The web series is sponsored by car manufacturer Subaru.

==Production==

===Production===
The web series was written by Jason Berger and Jen Regan. The first two webisodes were directed by Steven Mesner, with the remaining four directed by members of the Happy Endings cast: Zachary Knighton directed the third webisode, Elisha Cuthbert the fourth, Casey Wilson the fifth and Adam Pally the sixth and final webisode.

===Release===
A new webisode was made available each Wednesday on ABC's website from February 29, 2012, which mirrored the air dates of the final six episodes of the TV show's second season.

==Plot==
The series depicts the events that follow after Penny announces she is getting rid of her storage space and selling everything inside, including her very first car. This causes everyone to remember an important milestone in their lives that took place in the car.

===Cast and characters===
The series stars the entire cast from Happy Endings.

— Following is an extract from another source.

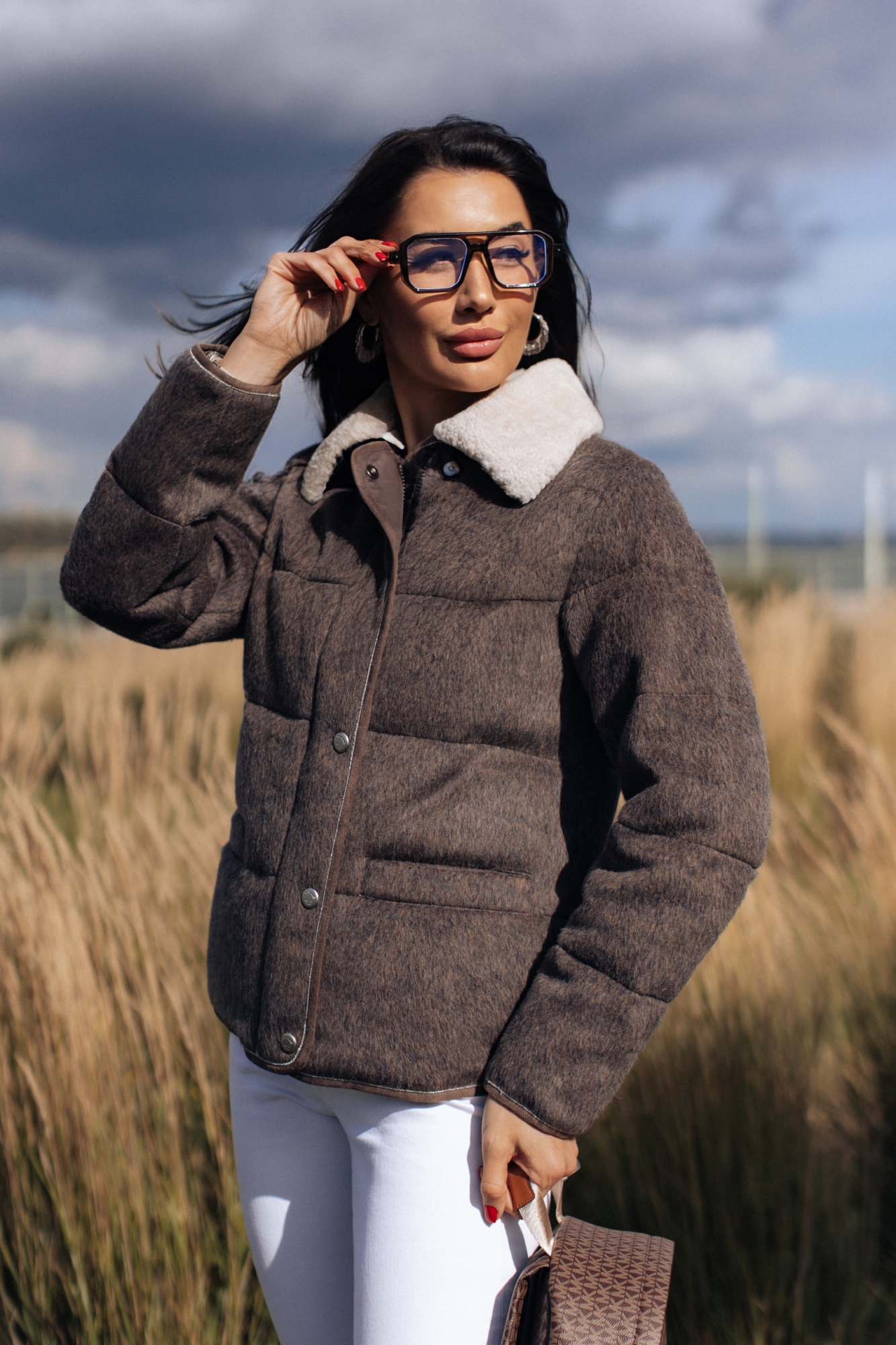 Легкий пуховичок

- Eliza Coupe as Jane Kerkovich-Williams
- Elisha Cuthbert as Alex Kerkovich
- Zachary Knighton as Dave Rose
- Adam Pally as Max Blum
- Damon Wayans Jr. as Brad Williams
- Casey Wilson as Penny Hartz

==Webisodes==
===Season 1 (2012)===

| No. | Title | Directed by | Written by | Original release date |
| 1 | "Webisode 1" | Steven Mesner | Jason Berger | February 29, 2012 |
Penny announces to Alex and Max that she's getting rid of her storage space, which means she is selling her first car.
| 2 | "Webisode 2" | Steven Mesner | Jen Regan | March 7, 2012 |
Jane and Brad hear of Penny's plans and reminisce about when they went to an Eagle-Eye Cherry concert.
| 3 | "Webisode 3" | Zachary Knighton | Jason Berger | March 14, 2012 |
Max attempts to end his decade-long debate with Dave about Waterworld.
| 4 | "Webisode 4" | Elisha Cuthbert | Jason Berger | March 21, 2012 |
As Penny waits for the buyer of her car, she recollects how she got the 1998 Chicago Bulls championship ring that is on her set of keys.
| 5 | "Webisode 5" | Casey Wilson | Jen Regan | March 28, 2012 |
While going through a box that was at the back of Penny's truck with Max, Alex stumbles across her old pager and attempts to contact her past-self.
| 6 | "Webisode 6" | Adam Pally | Jen Regan | April 4, 2012 |
Penny meets with the gang to say farewell to her truck before meeting with the potential buyer.

===Special (2012)===

| Title | Original release date |
| "Happy Rides - Behind the Scenes!" | April 4, 2012 |
A behind-the-scenes special of the 'Happy Rides' webisodes, hosted by Ben Begley.

==Reception==
The series has received high praise, noting that it doesn't stray from the show's signature tone. It has also been praised as the webisodes "feels like a bonus episode" as they were used to promote Subaru's "First Car" promotion rather than promoting a product within the series. The actors also received praise, with some noting "the actors are in top form".